Saturday, January 06, 2007

The Death of Saddam

I know this is old news, but there're thoughts that I need to get out of my system.

The death of Saddam. Does he deserve it? I'm pretty sure. Is it going to make a difference in the development of peace and democracy in Iraq and other Middle East countries? Probably not, at least not in the near future.

So what does this accomplish? For one thing, he needs to pay his penalty for his order of torturing and killing of thousands of people. Is his penalty fits the crime? Well, his death is probably less painful than many of his victims, however, I don't think the justice system should get down to his level.

There're people in the world that rejoice in his execution. I'm not one of them. I think his life is a tragedy. And for people who filmed, posted, and watched his execution, what you did make me sick.

I'm sad by the whole thing. I'm sad by what Saddam has done. I'm sad for the people and countries that he so ruthlessly destroyed. I'm sad that there are so much darkness in his life. I'm sad for a life that lives constantly under fear for betrayal.
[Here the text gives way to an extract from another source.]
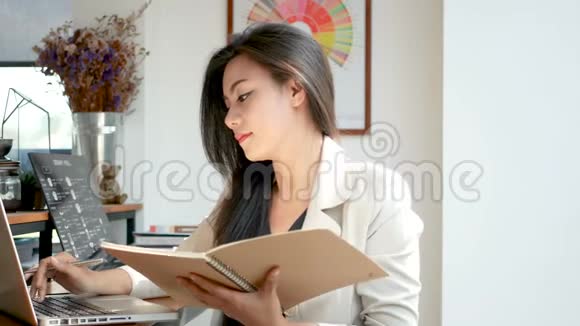 4K镜头美丽的亚洲商务女性坐在电脑手提电脑键控数据阅读和翻页笔记簿页面视频的预览图
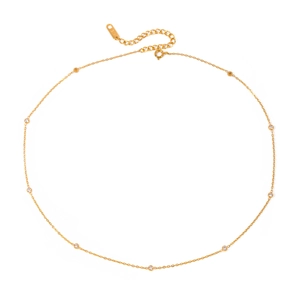 Elegant 18K gold chain necklace with delicate diamond pendants in a circular layout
I'm sad for a life that is defined by insatiable appetite for absolute power and hate. I'm sad for the fact that real evil exists in this world. I'm fearful for him for what God's wrath has installed for him.

I wonder if he ever truly loved someone more than he loved power. I wonder if he was born in a different family, or if he has a different life circumstances if he'd be different. I wonder if anyone of us was put in his situation, if we'd turn out the same as he did.

I know "sin" is the correct, but very general answer of why he did what he did. But I'm eager to search for some other answers so that I can believe there's good even in a person like Saddam. I wonder what God's purpose for him was, and how does that going to fit in the whole picture of the human history.

With these thoughts written, my mind is now a little less crowded. A few more adoring looks at my sleeping sweet baby boy and I'll be back to my usual cheerful mood.

1 comment:

Anonymous said...

When I see the death of Saddam, I am reminded of God's Justice and vindication on sin and evil in the world. This is encouraging to me that there is a righteous judge over all evil.